O texto aprovado constitui um substitutivo proposto pelo relator, deputado Merlong Solano (PT-PI). Ele substitui o Projeto de Lei 5663/16, de autoria do deputado Carlos Zarattini (PT-SP), e outras propostas apensadas.
Durante a votação, o colegiado optou por rejeitar o substitutivo anteriormente aprovado pela Comissão de Desenvolvimento Urbano, que também abordava a questão do arrendamento. Conforme explicou Solano, esse tipo de arranjo já está contemplado pela legislação vigente.
Recursos e elegibilidade para o aluguel social
A proposta estabelece que a modalidade de locação social será destinada a famílias com renda bruta mensal que se enquadrem nas Faixas Urbano 1 e 2 do programa Minha Casa, Minha Vida. Atualmente, as diretrizes do programa definem esse limite para grupos familiares que possuem rendimentos mensais de até R$ 5 mil.
O deputado Merlong Solano enfatizou a importância da medida, argumentando que "ao vincular o custo da moradia à capacidade de pagamento das famílias, a locação social possibilita o acesso imediato à habitação digna sem a exigência de endividamento de longo prazo."
A política de aluguel social, conforme o texto aprovado, terá seu financiamento autorizado por meio dos recursos provenientes do Fundo de Arrendamento Residencial (FAR).
Para a implementação do aluguel social, serão utilizados dois mecanismos principais: a construção ou requalificação de imóveis urbanos, que envolve reformas, e a aquisição de propriedades já existentes pelo poder público.
A gestão desses aluguéis ficará sob a responsabilidade da instituição que receber ou adquirir os imóveis construídos com fundos do FAR, conforme previsto no projeto.
Em termos práticos, o Fundo de Arrendamento Residencial (FAR) financia a edificação e, posteriormente, transfere a propriedade para uma entidade gestora.

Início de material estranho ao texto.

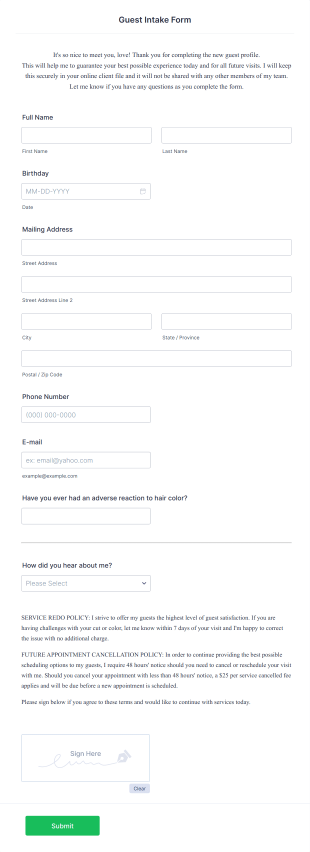 Guest Intake Form Template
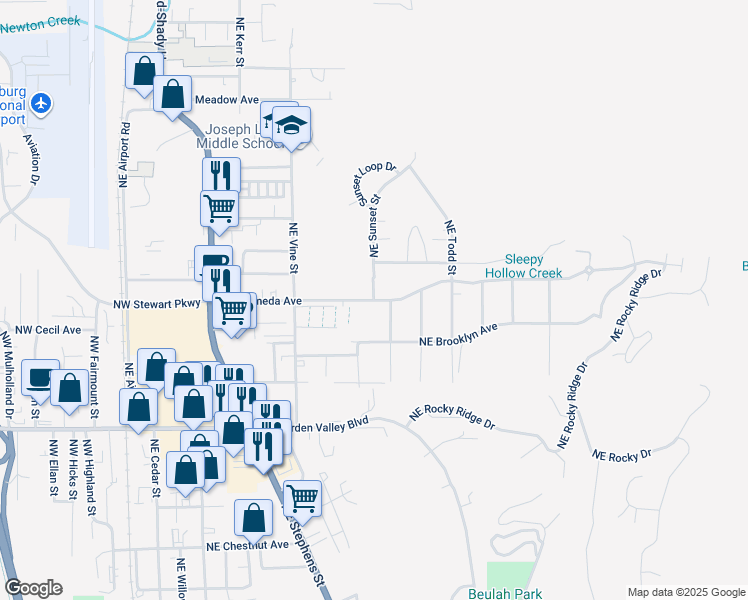 map of restaurants, bars, coffee shops, grocery stores, and more near 867 Northeast Alameda Avenue in Roseburg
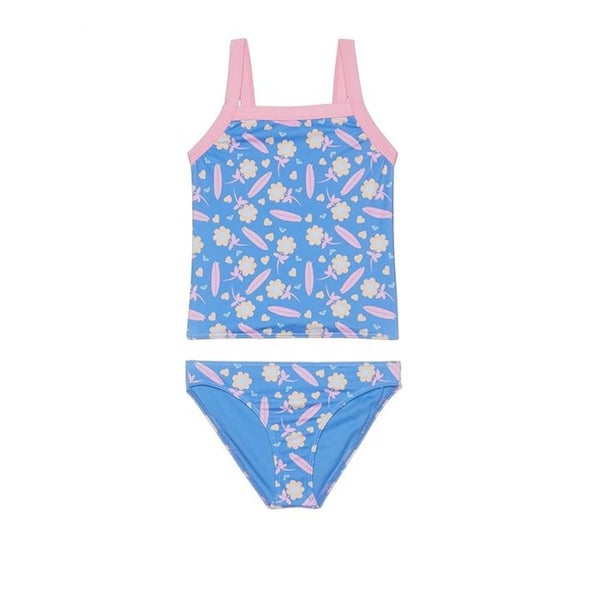 Roxy Lorem Tankini Swimsuit Kids Girl's 5 Blue Stretch Two-Piece Set RED1012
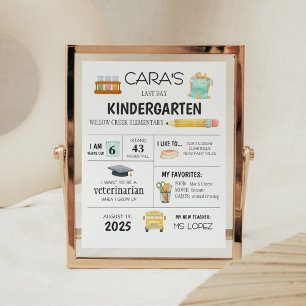 Poster Panneau de la maternelle Journée Dernière de l'éco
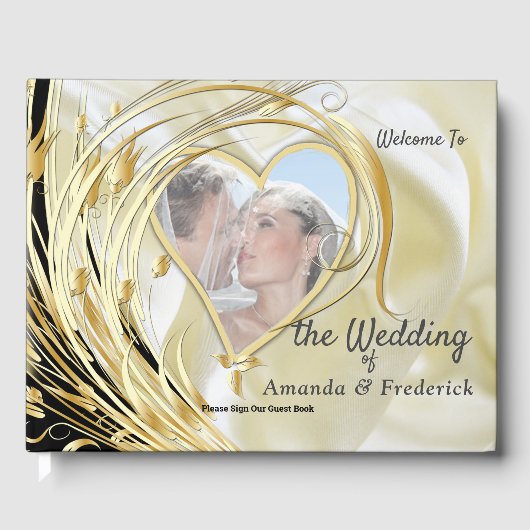 Schwarz-Silber und Gold-Satin, Kupfer/Messing-Text Gästebuch (Vorderseite)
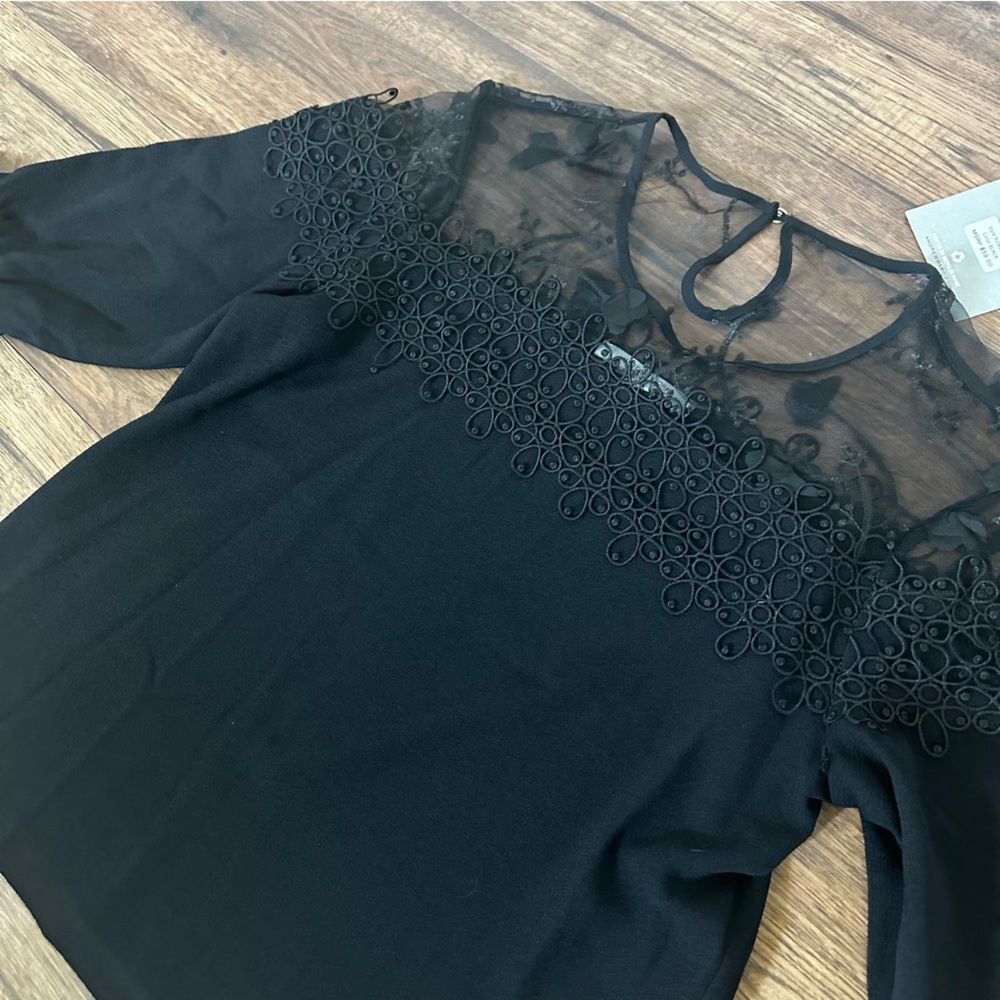 Marc New York Black Embroidered Long Sleeve Blouse NEW Sz M Date Night Cocktail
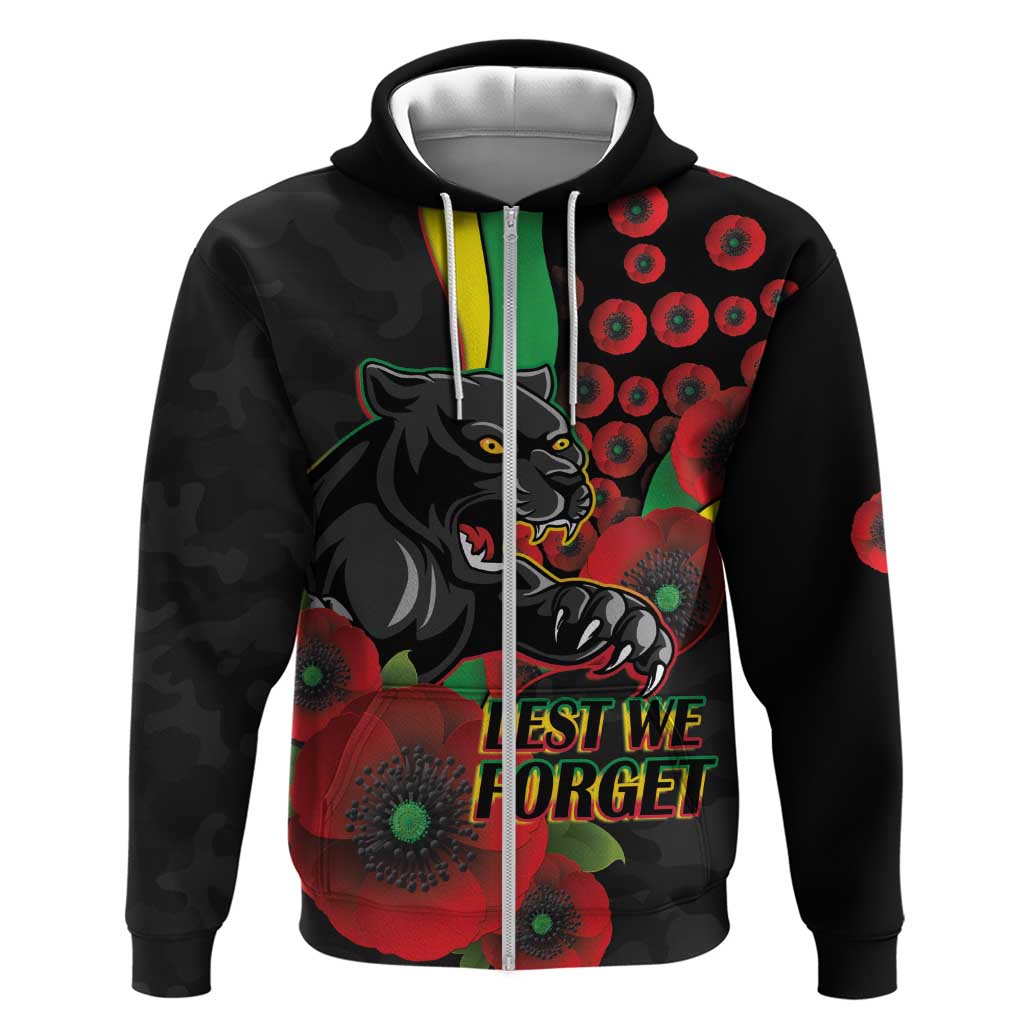 Penrith Panthers ANZAC Personalised Zip Hoodie Lest We Forget Poppy Camo
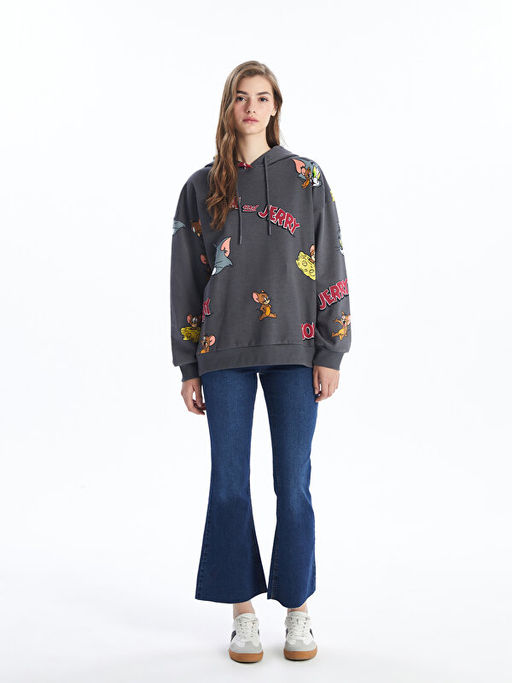 Tom & Jerry Bask?l? Oversize Kad?n Hoodie - Waikiki фото 3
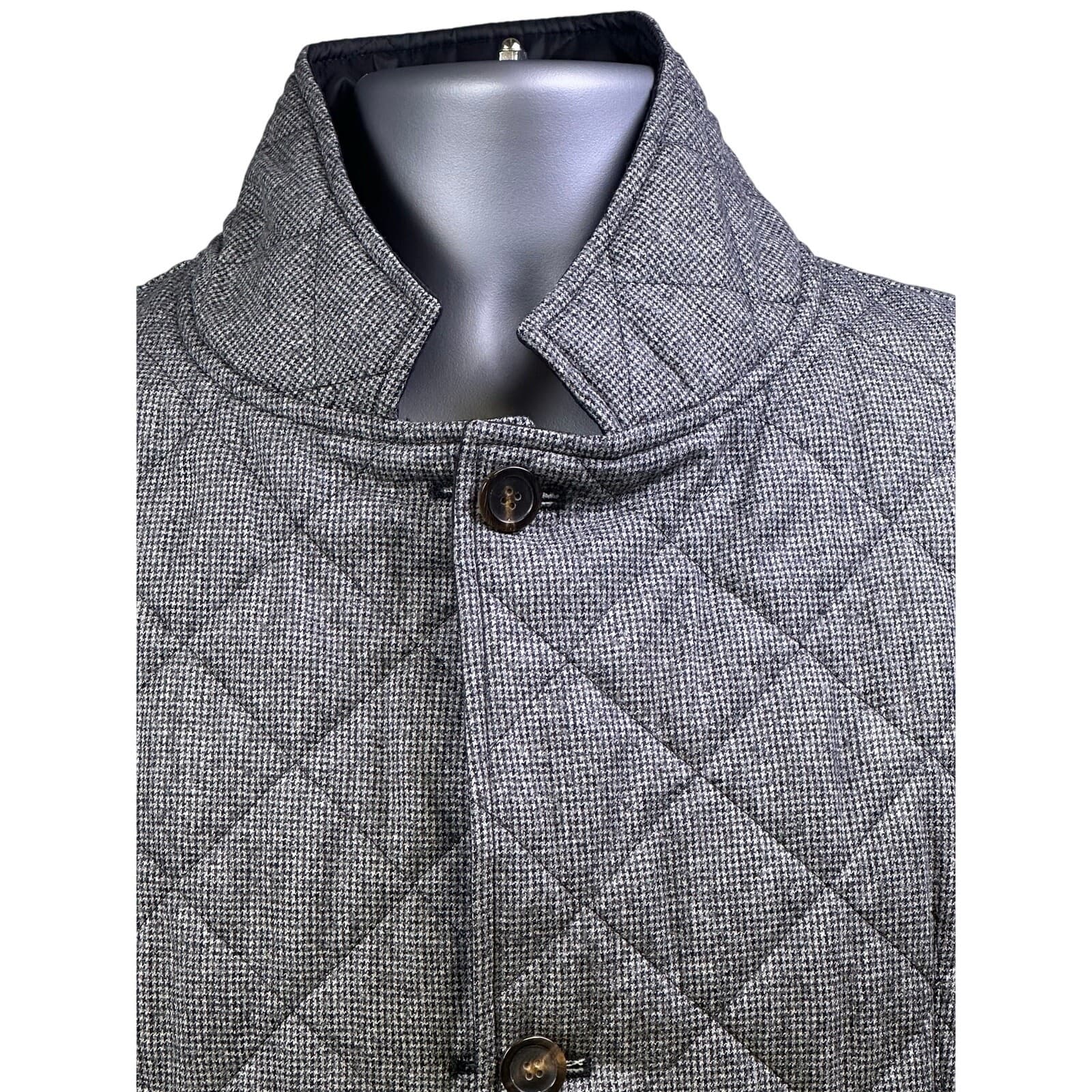 'Reserve' Patrick James Black or Check Reversible Quilted Insulated Vest-Mens L - Thumbnail 2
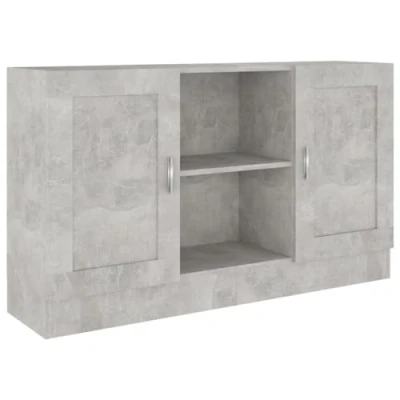 Image of vidaXL Concrete Grey Sideboard Engineered Wood Construction with Two Compartments and Doors for Ample Storage Suited Living Room, Bedroom, Office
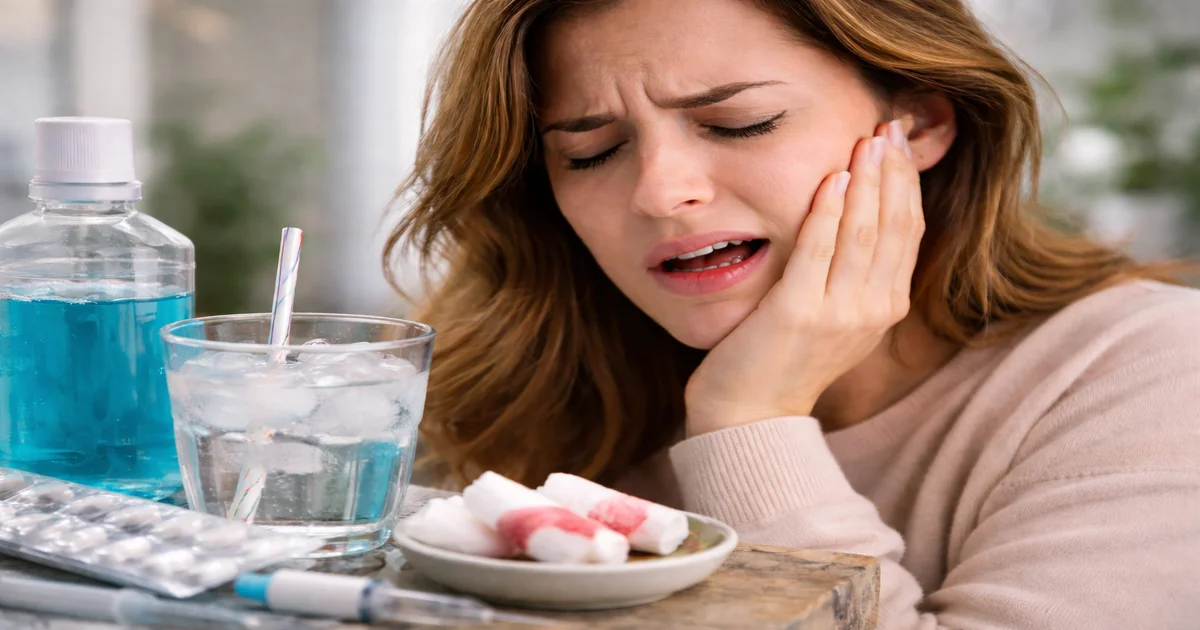 A picture of a woman with sore mouth after oral surgery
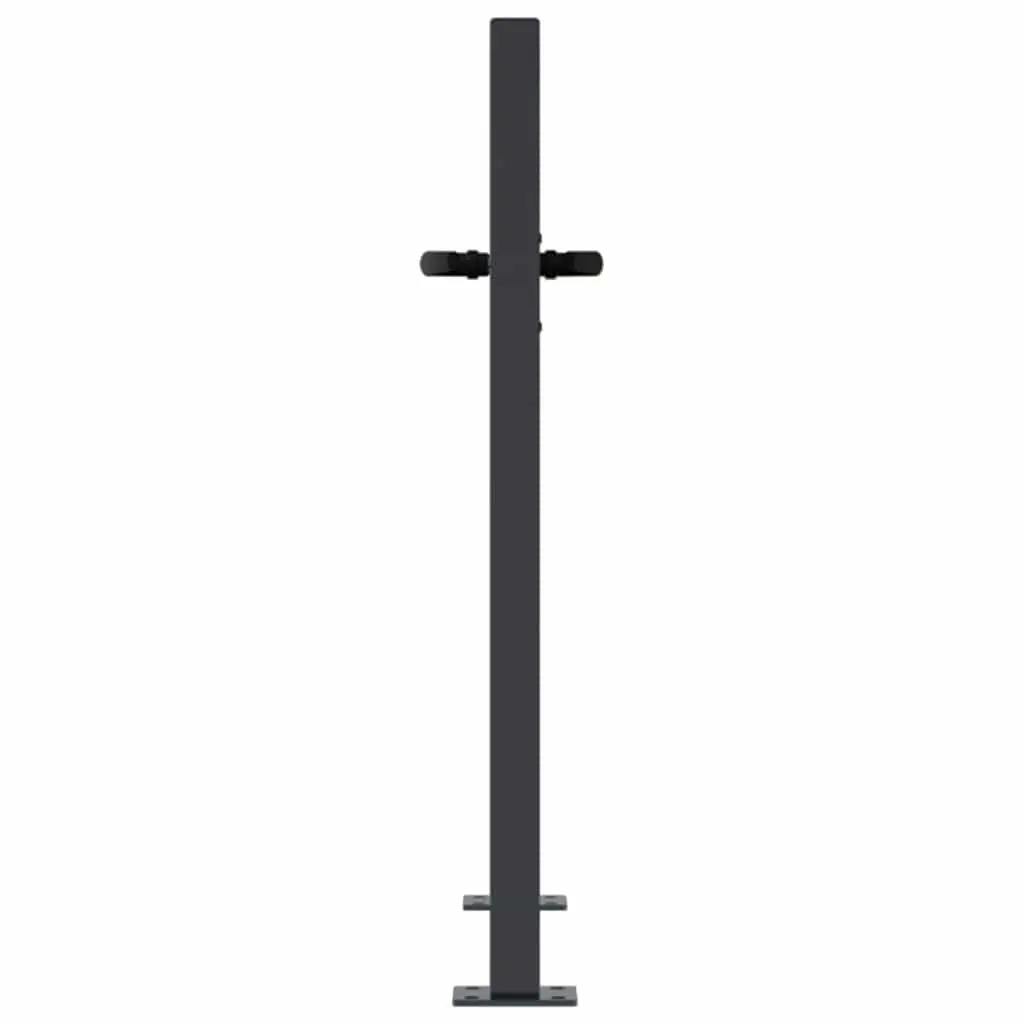 Garden Gate 100x75 cm Anthracite Steel Square Laser-Cut Design Outdoor Patio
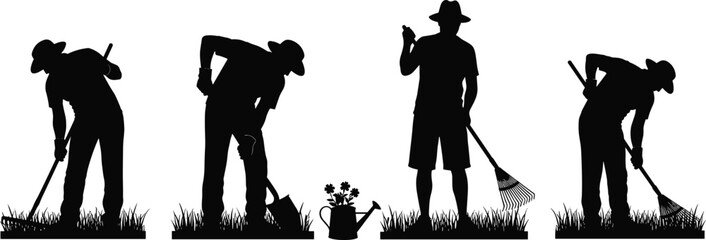 Gardeners working in garden silhouette set with rake shovel watering can grass landscaping maintenance outdoor workers gardening activity spring nature © Anamul Arafat
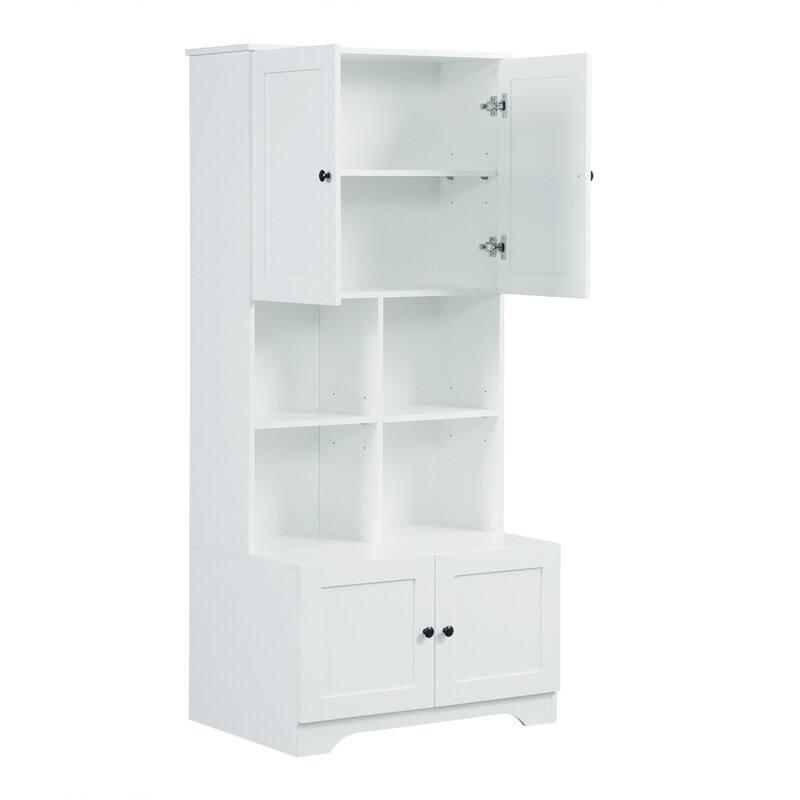 Tall Bathroom Storage Cabinet with 4 Doors, Freestanding Bathroom Storage Unit Floor Cabinet w/Adjustable Shelves & Open Storage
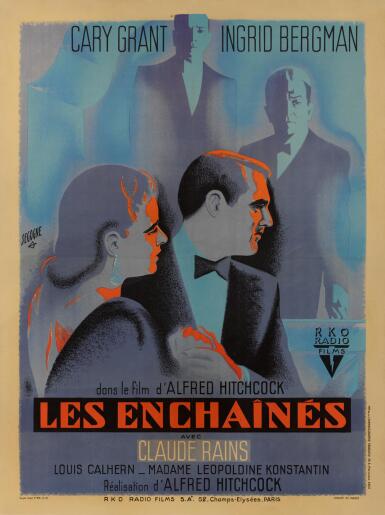 View full screen - View 1 of Lot 68. NOTORIOUS / LES ENCHAINES (1946) POSTER, FRENCH.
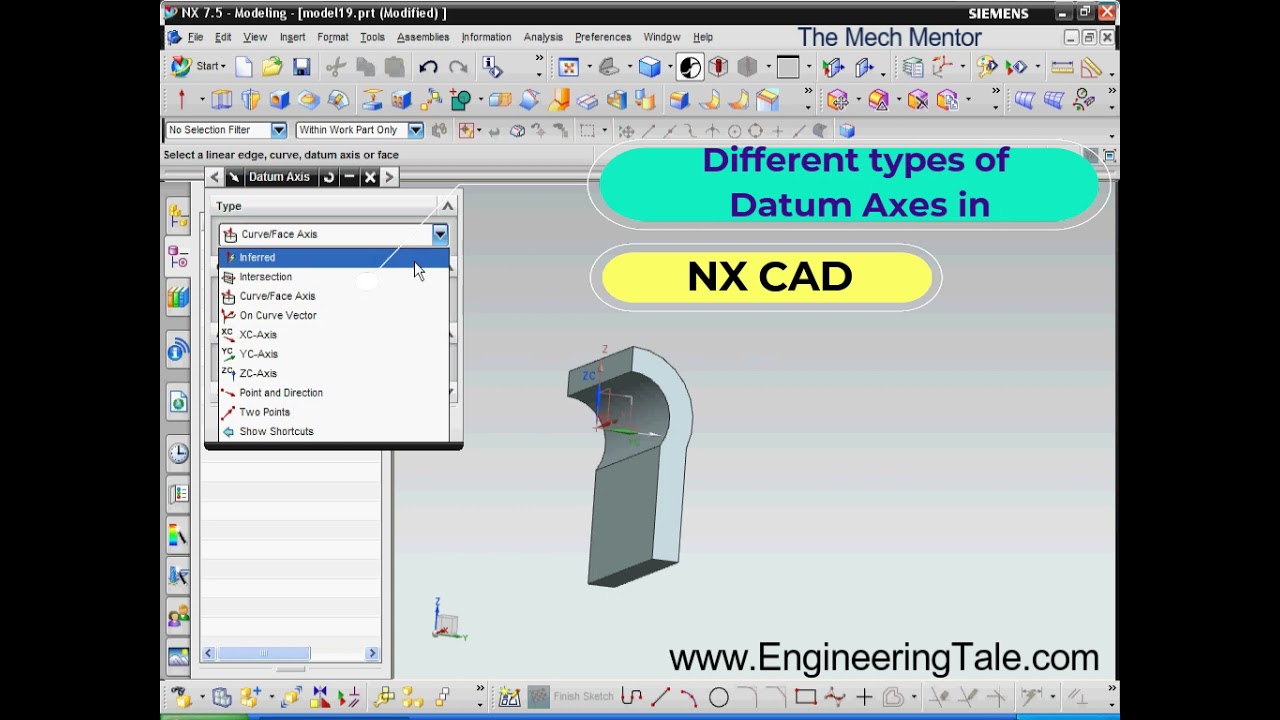 NX CAD Tutorial 3 different types of datum axes features in Siemens NX explained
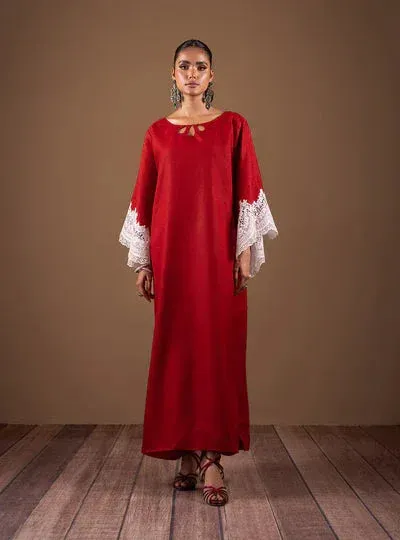 Zainab Chottani The Kaftan Edit Red Linen – view 1 – Poshaq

Essa entidade pode ser uma prefeitura, uma companhia estadual de habitação ou até mesmo uma empresa privada parceira.
A entidade responsável pela gestão terá a prerrogativa de administrar as locações diretamente ou optar pela terceirização do serviço. As regras detalhadas para essa operação serão estabelecidas futuramente pelo Poder Executivo.
Impacto orçamentário e sustentabilidade
O relator esclareceu que o projeto não impõe gastos automáticos ao orçamento. A efetivação do aluguel social dependerá da disponibilidade de recursos no orçamento federal anual, sempre em conformidade com as diretrizes de controle das contas públicas.
Próximos estágios da tramitação
O projeto está em tramitação em caráter conclusivo e seu próximo passo é a análise pela Comissão de Constituição e Justiça e de Cidadania. Para que a proposta se torne lei, é indispensável a aprovação tanto pela Câmara dos Deputados quanto pelo Senado Federal.